- [What is expected]:
Nothing but an exact repeat of the data, with pictures removed, belongs in the answer.

- [Provided data]:

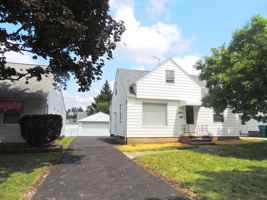 featured image of 18201 Hazelwood Ave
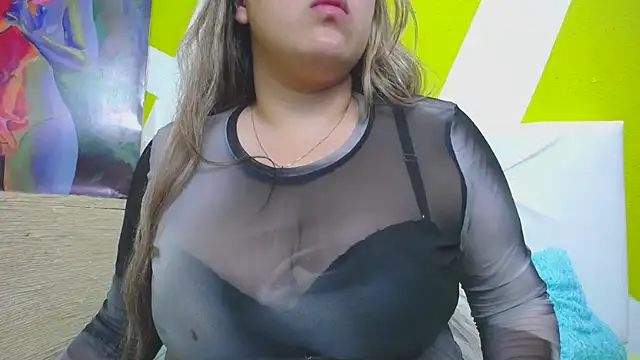 Snapshot of LinaBrowm chatting on 7, 3, 2025 LinaBrowm online show from 7, 3, 2025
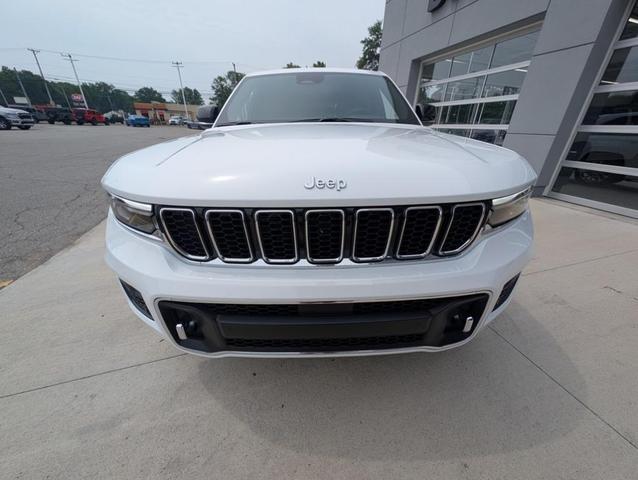 Photo of 2025 Bright White Jeep Grand Cherokee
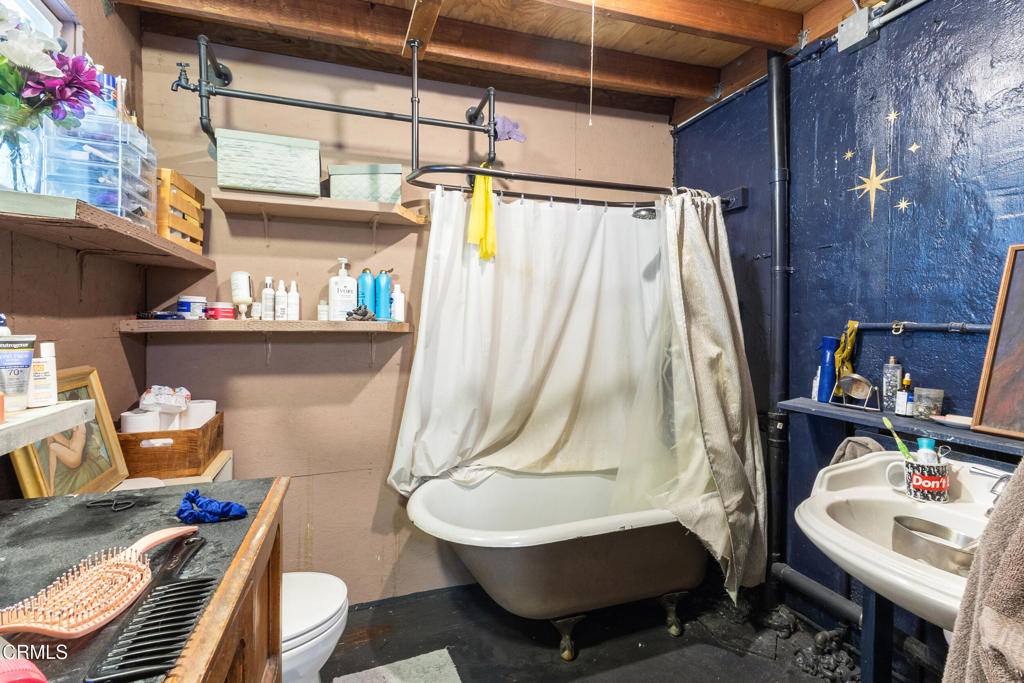 587 Vine Street Oak View, CA 93022 - Photo 16 of 31 16_img_0884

- [Reply]:
 featured image of 18201 Hazelwood Ave
 Snapshot of LinaBrowm chatting on 7, 3, 2025 LinaBrowm online show from 7, 3, 2025
 Photo of 2025 Bright White Jeep Grand Cherokee
 587 Vine Street Oak View, CA 93022 - Photo 16 of 31 16_img_0884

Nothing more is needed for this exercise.